An ultra fine metal particle generator chamber 31 is formed of a vacuum vessel, to which are connected a gas supply pipe 36 having a valve V1, a transfer pipe 33, and a pressure gauge P1 for detecting pressures inside the vacuum vessel. A vapor source VS for generating metal vapor is positioned inside the vacuum vessel. The vapor source VS is configured as a combination of a resistance-heating heater and a metal source or of a metal source and an induction-heating oven.
The pressure inside the vacuum vessel can be regulated between approximately 500 Torr and 5 atmospheres. The gas supply pipe 36 supplies an inert gas such as helium gas to the vacuum vessel.
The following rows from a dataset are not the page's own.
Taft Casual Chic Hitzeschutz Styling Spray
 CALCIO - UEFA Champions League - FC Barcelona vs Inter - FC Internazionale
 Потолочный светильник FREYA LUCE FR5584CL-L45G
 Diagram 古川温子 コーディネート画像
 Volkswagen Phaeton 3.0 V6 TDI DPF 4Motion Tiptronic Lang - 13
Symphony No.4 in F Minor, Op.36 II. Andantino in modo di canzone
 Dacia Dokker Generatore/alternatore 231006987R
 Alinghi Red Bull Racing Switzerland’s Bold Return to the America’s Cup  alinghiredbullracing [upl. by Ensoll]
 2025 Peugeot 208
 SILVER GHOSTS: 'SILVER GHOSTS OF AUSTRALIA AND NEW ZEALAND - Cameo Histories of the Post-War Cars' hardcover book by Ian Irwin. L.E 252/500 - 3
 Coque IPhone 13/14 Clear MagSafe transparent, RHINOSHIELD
When metal vapor is generated from the vapor source VS in the inert gas, the metal vapor repeatedly collides with the gas molecules so that ultra fine metal particles are formed. These ultra fine metal particles are sent to the transfer pipe 33 using helium gas as the carrier gas.
The transfer pipe 33 is connected to a film forming chamber 32 via a buffer 34 that is provided with a shutter. The ultra fine metal particles are injected into the film forming chamber 32 together with the helium gas from a nozzle 35. The film forming chamber 32 is formed of a vacuum vessel and is connected to an exhaust pipe 37 that has a valve V2. A pressure gauge P2 is connected to this vacuum vessel. The pressure in the film forming chamber is regulated to approximately 10 Torr, for example.
Due to the pressure difference between the vacuum vessels 31 and 32, the helium gas inside the ultra fine particle generator chamber 31 is sent to the film forming chamber 32 through the transfer pipe 33. Inside the film forming chamber 32, a stage 38 is positioned, capable of moving in the X, Y, and Z directions. Onto this stage 38 is placed a substrate (mold) 28. This mold 28 may be, for example, a substrate in which is formed a mold concavity 25 such as is depicted in FIG. 3D. A heater 39 is provided inside the stage 38, so that the substrate 28 can be heated to the requisite temperature.
By means of the processes illustrated in FIGS. 3A-3D, a substrate 28 having a mold concavity 25 is fabricated and this is placed on the stage 38. The substrate 28 is then heated by the heater 39 to between about 150° and about 200° C. Onto this substrate are sprayed, from the nozzle 35, the ultra fine metal particles suspended in helium gas. The ultra fine metal particles reach the substrate 28, carried by the gas flow, and grow a film on the substrate 28.
Film growth by means of such ultra fine metal particles will vary according to the pressure difference between the ultra fine metal particle generator chamber and film forming chamber, substrate temperature, and type of ultra fine metal particle, etc. Experimentally speaking, it is preferable to seek out conditions wherewith the mold concavity packing characteristics are high, the electrical resistance of the film produced is low, and the mechanical strength is high.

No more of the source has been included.